→ **Saved data entries**
== == ==
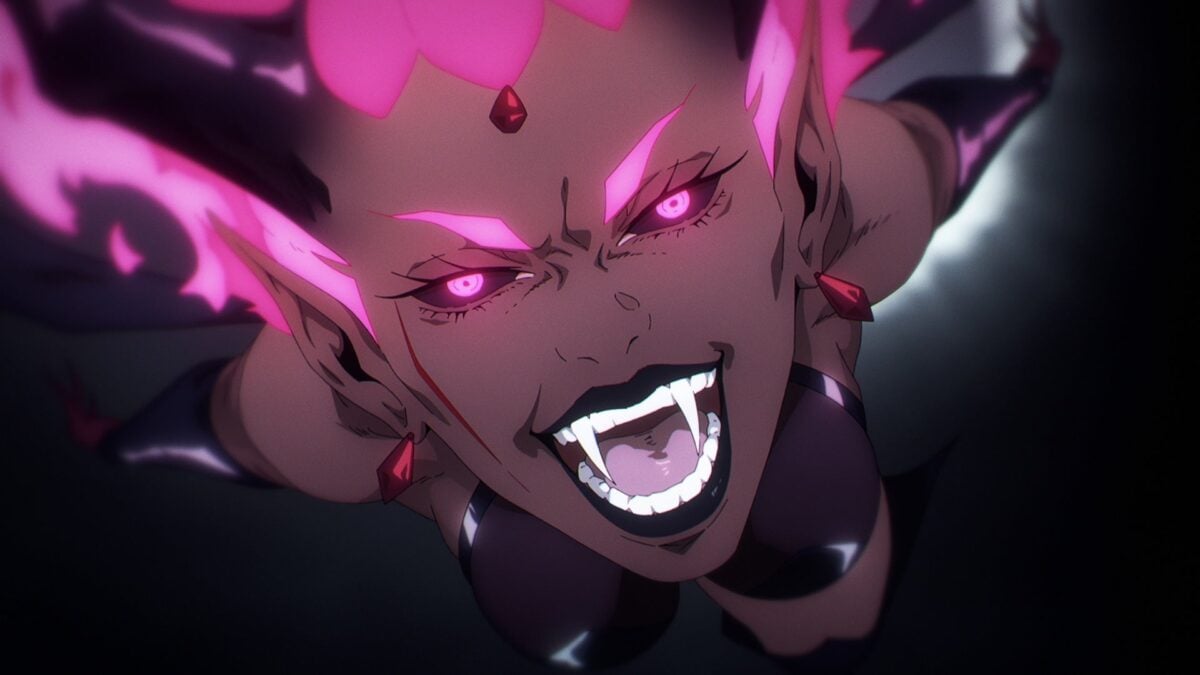 Castlevania: Nocturne's New Trailer Drips With Action, Incredible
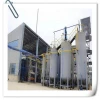 Continuous waste engine oil distillation machine refinery diesel fuel oil equipment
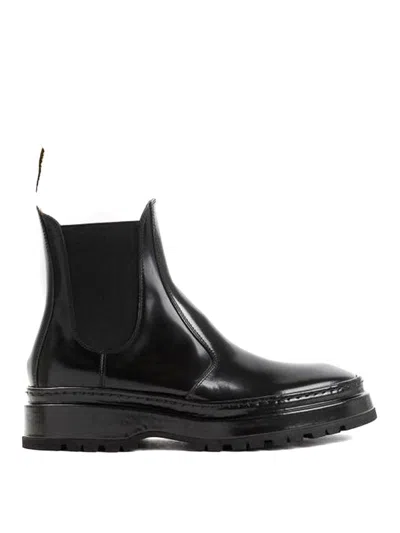 Jacquemus Botines - Negro In Black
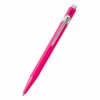 Caran D'Ache Caran D’Ache 849 Ballpoint Pen, Fluorescent Purple 1 Caran D'Ache Caran D’Ache 849 Ballpoint Pen, Fluorescent Purple -THE ART STORE CNY caran dache caran dache 849 ballpoint pen fluoresc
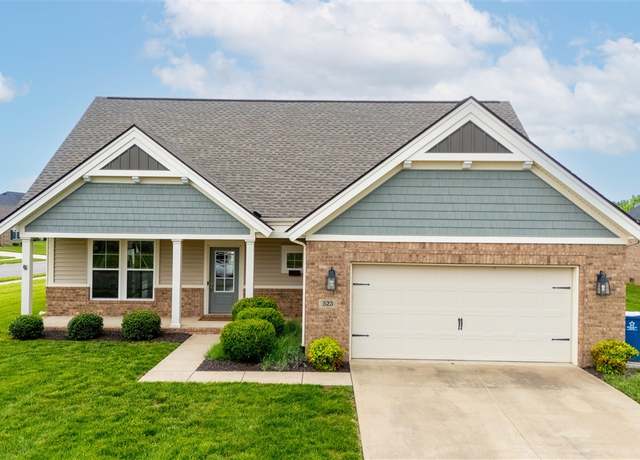 Property at 523 Mccoy Place Dr, Bowling Green, KY 42104, 4 beds, 2.5 baths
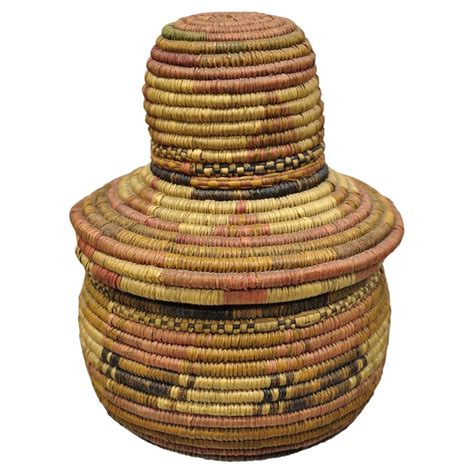 African Baskets With Lids at Mabel Singer blog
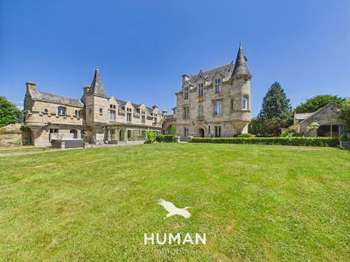 Vente maison 16 pièces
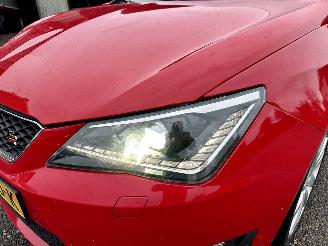 Seat Ibiza Gereserveerd 1.2 TSI 86pk FR 5drs - nap - navi - clima - cruise - xenon - pdc - 17 inch lmv + 4x goede banden picture 8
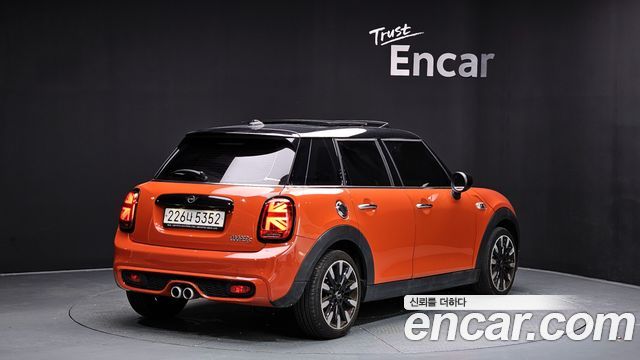 mini | mini Cooper S | Cooper S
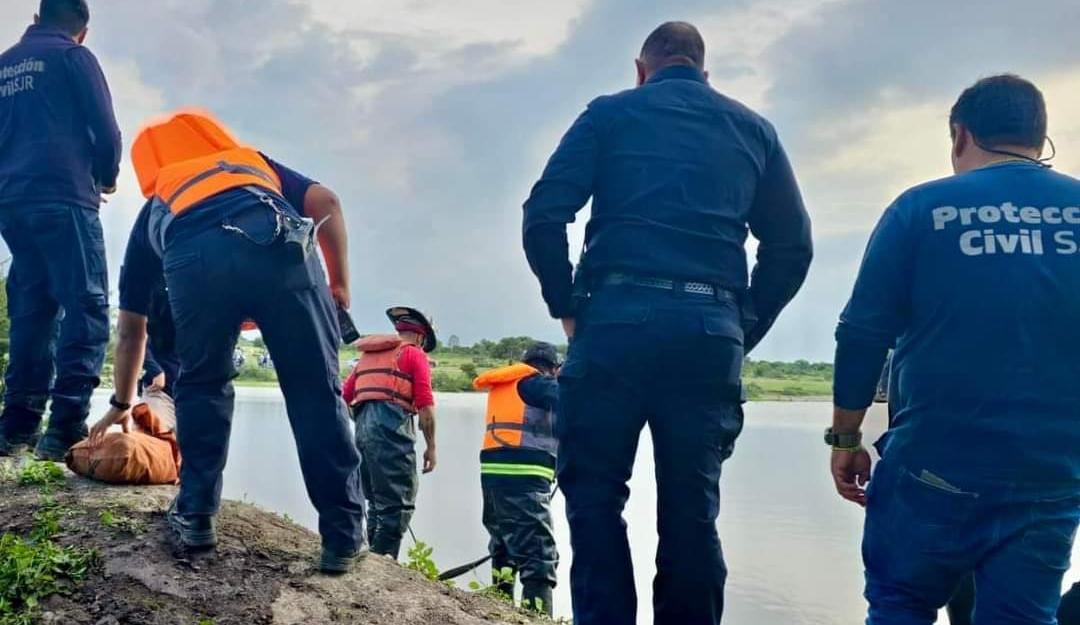 Mueren ahogados un jinete y su caballo en un bordo en San Juan del Río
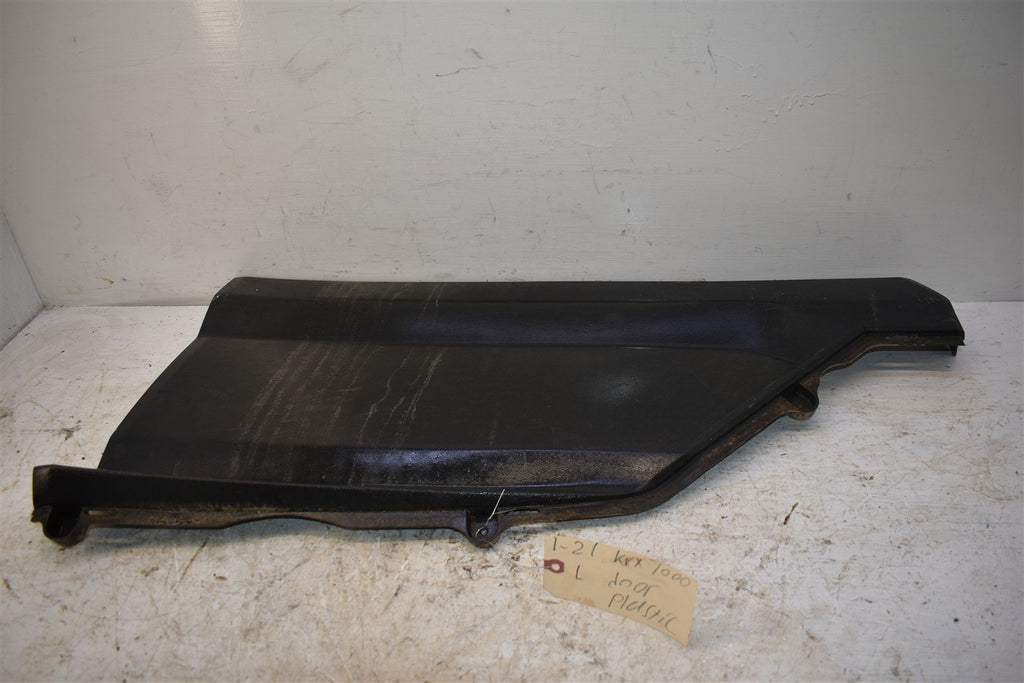 2021 Kawasaki Teryx KRX 1000 Left Door Cover 14093-0816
== == ==
→ **Exercise instructions**
Leaving the pictures out, copy exactly the lines from the line that contains "mini | mini Cooper S | Cooper S" to the last line of the data, both ends included.

→ **Exercise result**
 mini | mini Cooper S | Cooper S
 Mueren ahogados un jinete y su caballo en un bordo en San Juan del Río
 2021 Kawasaki Teryx KRX 1000 Left Door Cover 14093-0816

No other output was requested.